Give again only the lines from the line that holds "Linen Carmelina Flutter-Sleeve Top" to the end of the data, inclusive, omitting all pictures.

RAW DATA
________________________
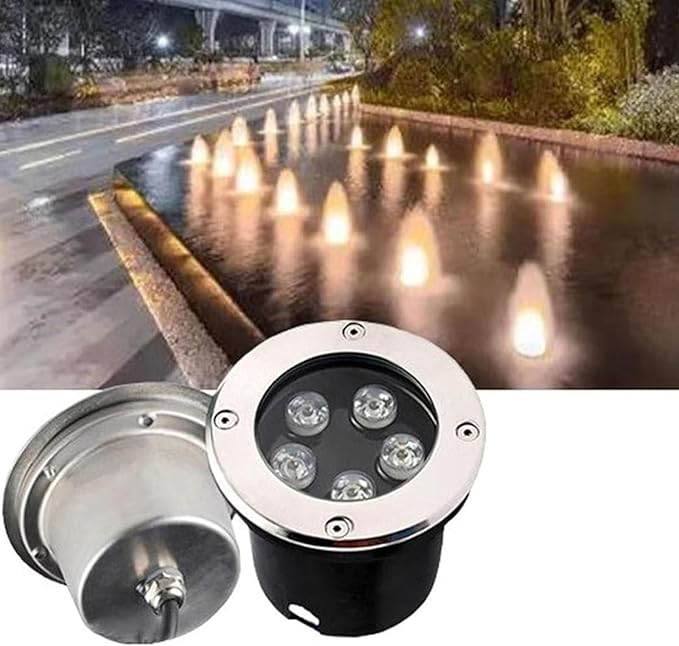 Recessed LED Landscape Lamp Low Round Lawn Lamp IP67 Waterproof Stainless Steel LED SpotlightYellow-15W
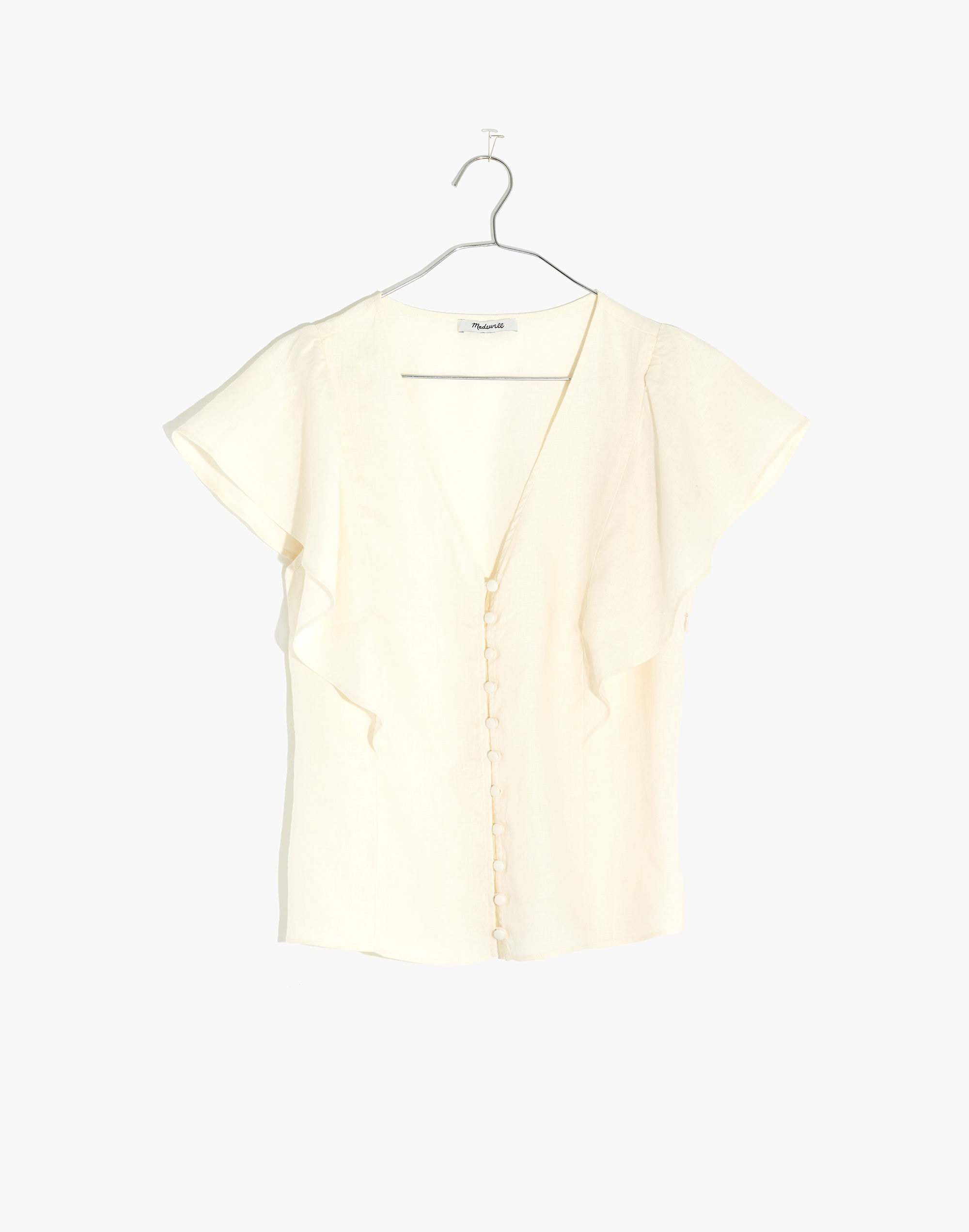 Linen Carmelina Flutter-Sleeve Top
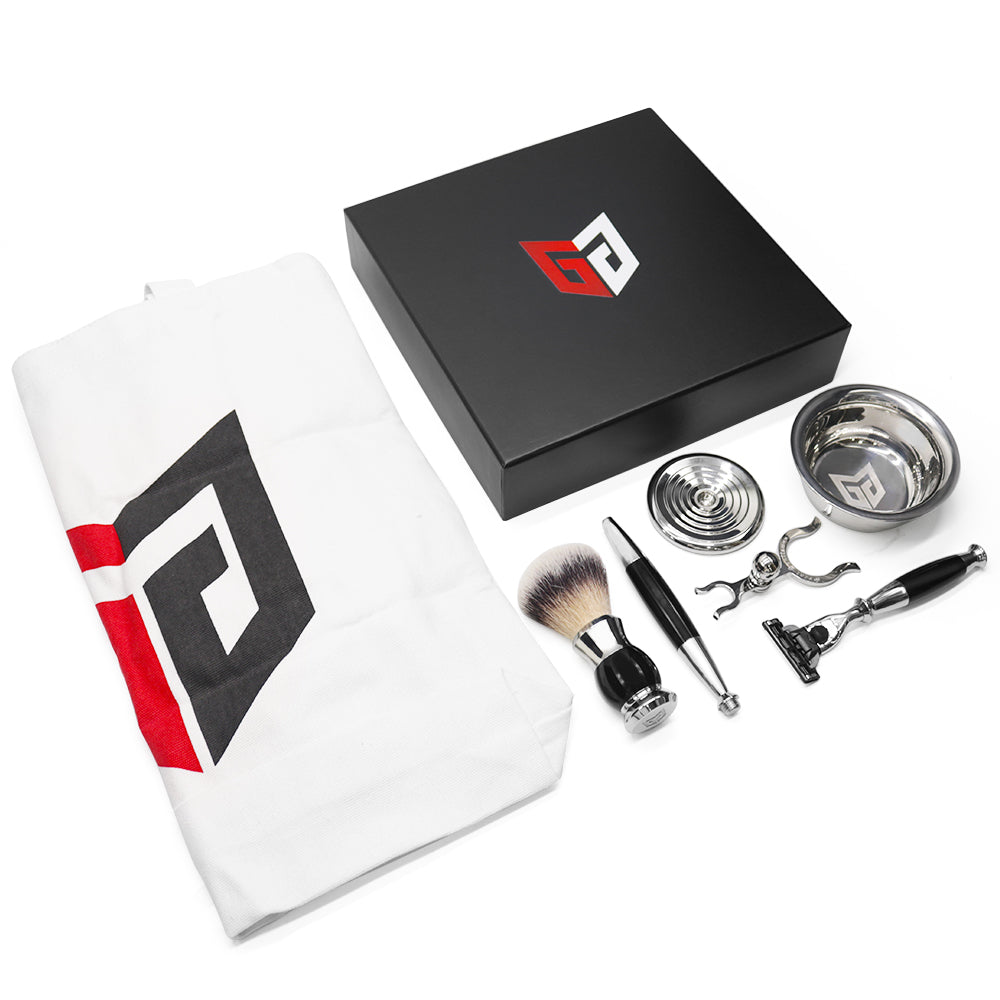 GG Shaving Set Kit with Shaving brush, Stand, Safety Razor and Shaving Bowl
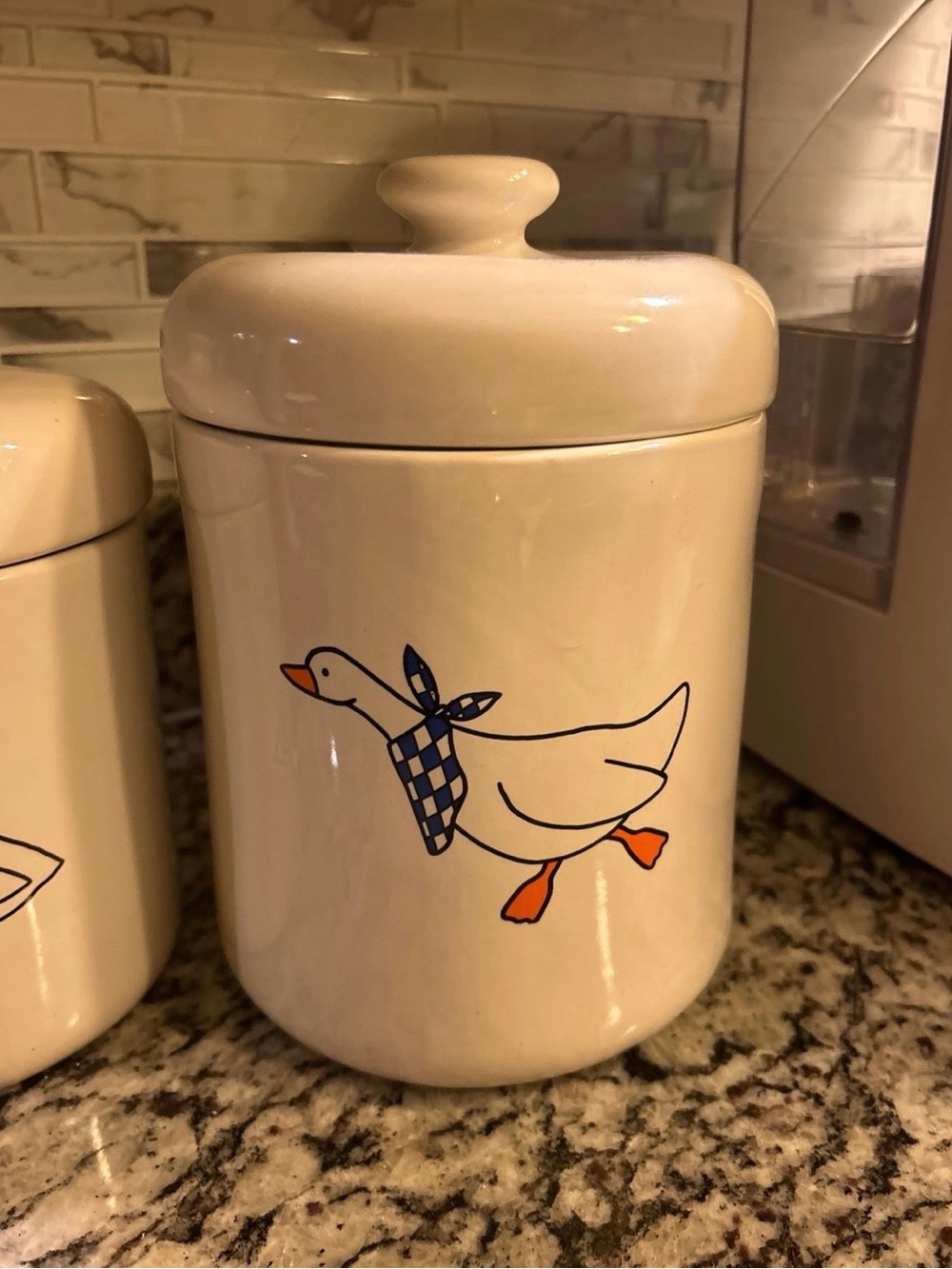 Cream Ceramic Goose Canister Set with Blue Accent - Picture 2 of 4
________________________
RESPONSE AREA
 Linen Carmelina Flutter-Sleeve Top
 GG Shaving Set Kit with Shaving brush, Stand, Safety Razor and Shaving Bowl
 Cream Ceramic Goose Canister Set with Blue Accent - Picture 2 of 4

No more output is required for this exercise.